Transitus Fluvii ("passing through the river" in Latin), or Passage Du Fleuve (in French), is an occult alphabet consisting of 22 characters described by Heinrich Cornelius Agrippa in his Third Book of Occult Philosophy (Cologne, 1533, but written around 1510). It is derived from the Hebrew alphabet,[1] and is similar to the Celestial and Malachim alphabets. The name may refer to the crossing of the Euphrates by the Jews on their return from Babylon to rebuild the Temple.[2]

This alphabet can also be found in Abraham de Balmis Peculium Abrae. Grammatica hebraea una cum latino, Venetiis, 1523, sig. B6v. Also in Geoffroy Tory, Champ Fleury, Paris 1529, f. 76v ubi tamen: “Lettres Chaldaiques,” and Giovanni Agostino Panteo's Voarchadumia contra alchimiam, Venice, 1530, pp. 545–46.[3] Pantheus claims that, while the Hebrew alphabet was entrusted to Moses and Enochian to Enoch, the Transitus Fluvii was entrusted to Abraham.[4]

Appearances in popular culture

The alphabet is depicted in the movie The Blair Witch Project.

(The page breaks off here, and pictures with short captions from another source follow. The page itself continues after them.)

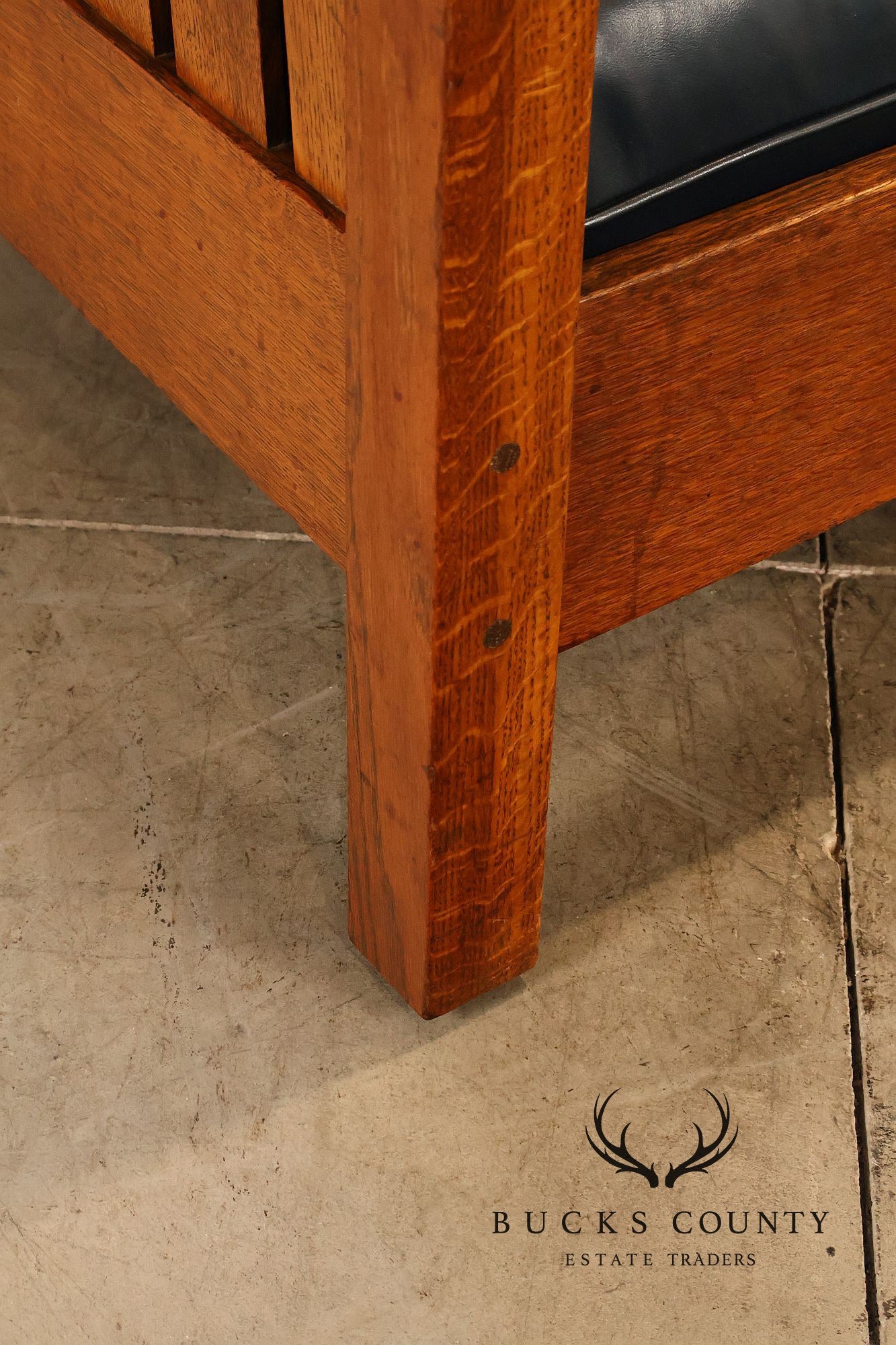 Antique Gustav Stickley No. 222 Mission Oak Pencil Post Even Arm Settle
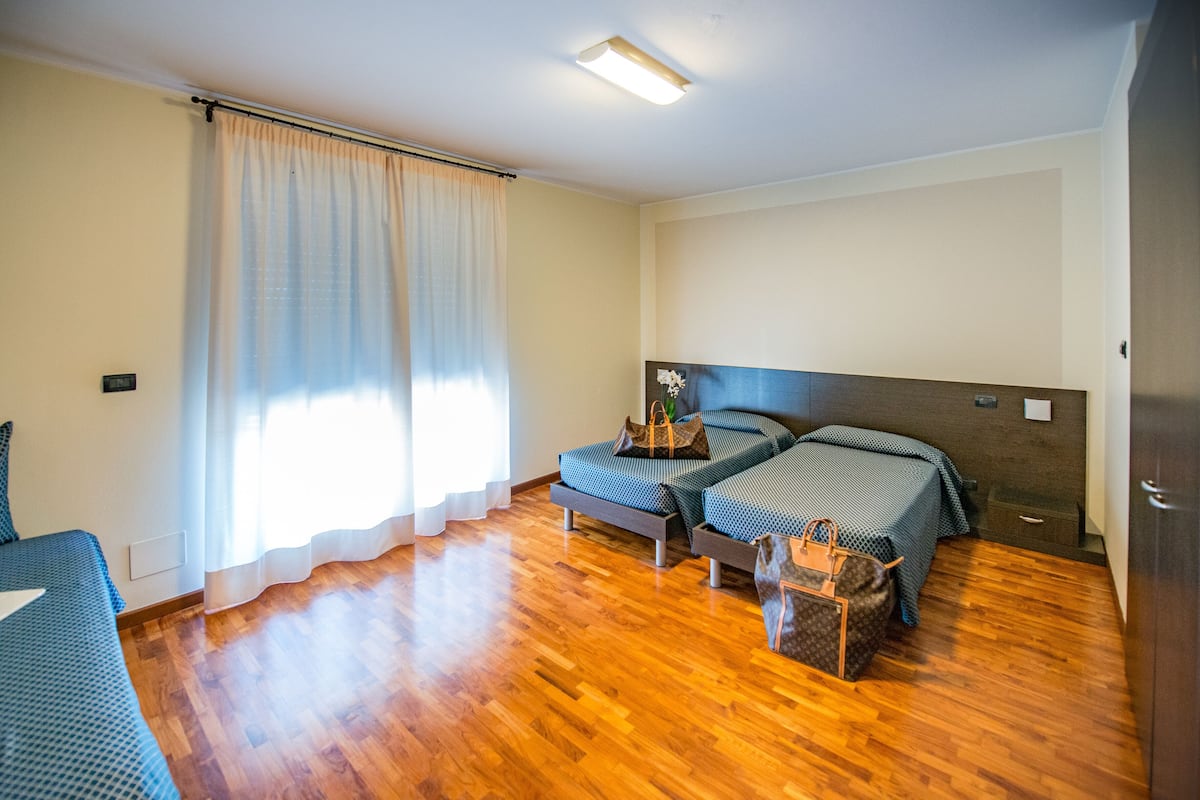 minibar, in-room safe, desk, blackout curtains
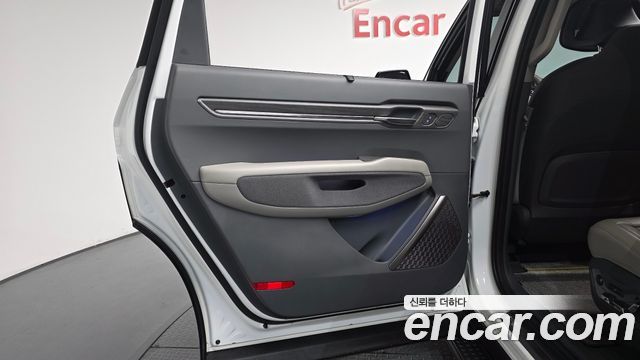 Kia EV9 2024 — photo 15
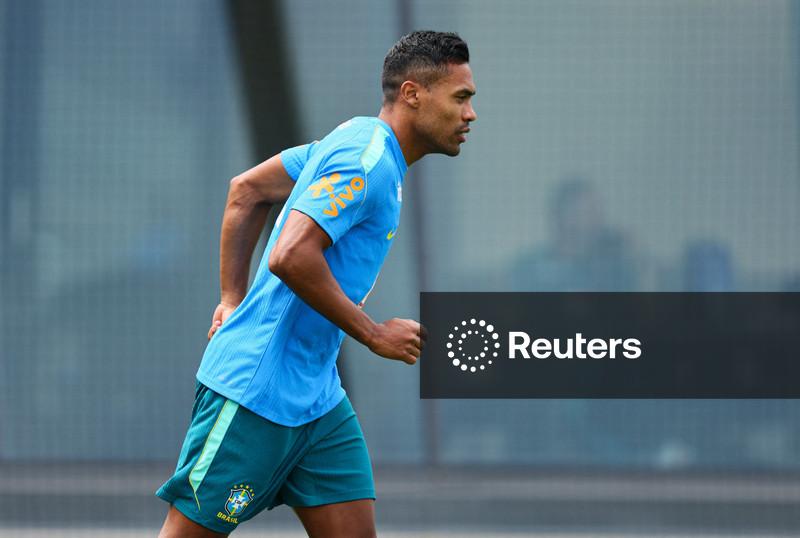 Ancelotti indica time para estreia do Brasil apostando em experiência nas laterais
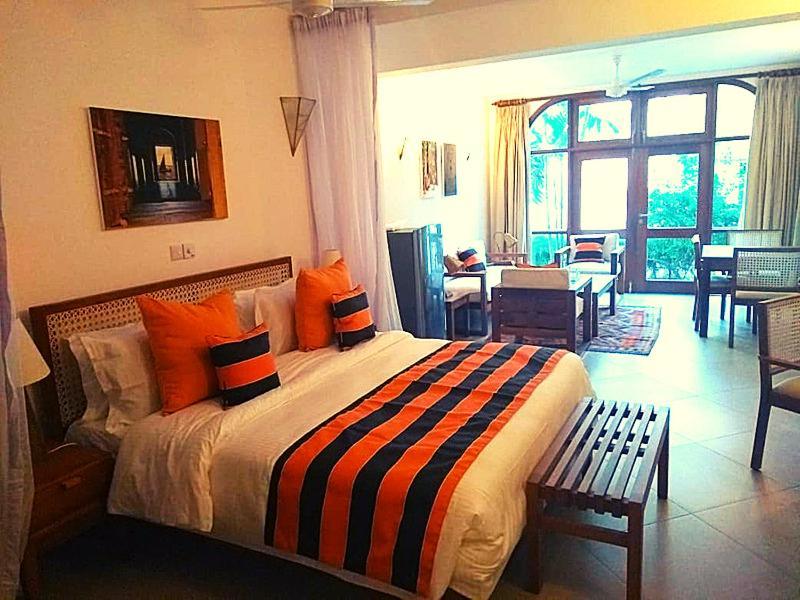 Mbili Kuwili Studio Suites Diani Beach Buitenkant foto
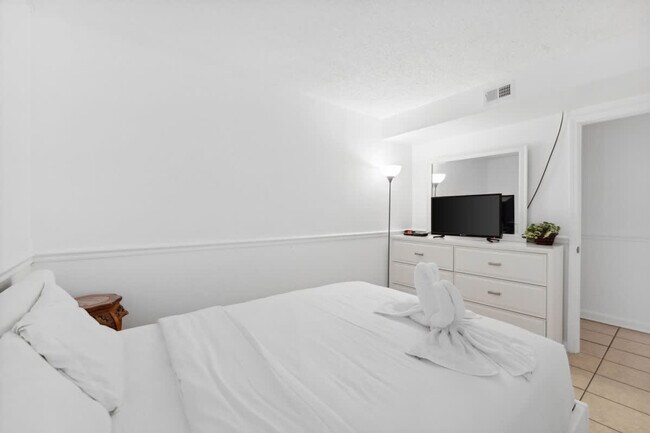 8815 Thomas Dr unit FL6-ID1355037P, Panama City Beach, FL 32408 - photo 7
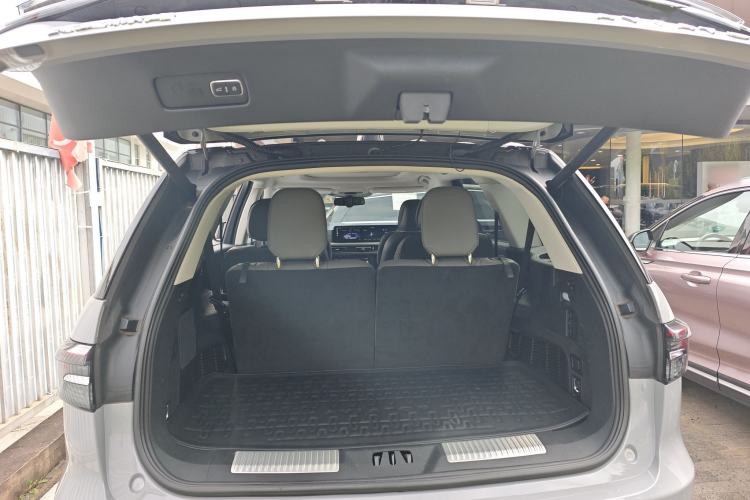Used Lincoln Aviator 2024 3.0T V6 All-Wheel-Drive Luxury Edition Six Seats Trunk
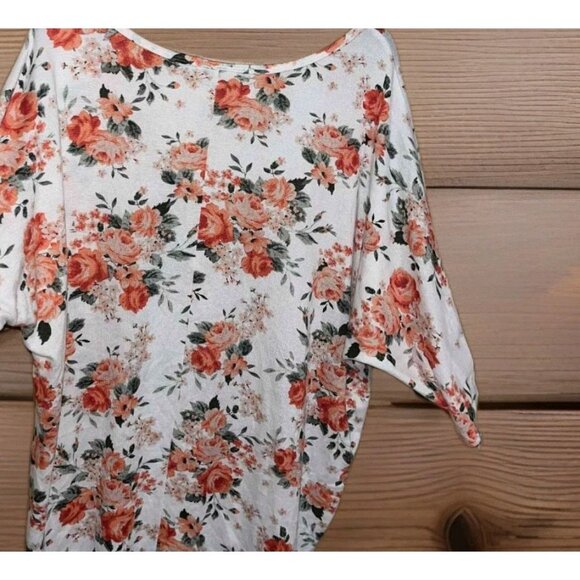 Bobbie Brooks Plus Size 1X Flowered Sweater Orange Green Casual Top - Picture 1 of 3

It is also referenced in the book, An Enemy at Green Knowe, part of the Green Knowe series by the British author Lucy Boston.

References

  1. Gettings, Fred. "Dictionary of Occult, Hermetic and Alchemical Sigils." London ; Boston : Routledge & Kegan Paul, 1981. | ISBN 0-7100-0095-2
  2. Haywood, H. L.; Mackey, Albert Gallatin. "Encyclopedia of Freemasonry Part 1 (1909)." Kessinger Publishing, 2003 | ISBN 0-7661-4719-3
  3. V. Perrone Compagni, Cornelius Agrippa De occulta philosophia Libri tres, Leiden: E.J. Brill, 1992, p. 491. | ISBN 978-90-04-09421-5.
  4. Joannes Pantheus, "Voarchadumia contra alchimiam, ars distincta ab archimia et sophia, cum additionibus, proportinonibus numeris et figuris opportuni." n.d. [1] Gallica – Bibliothèque nationale de France. 1550.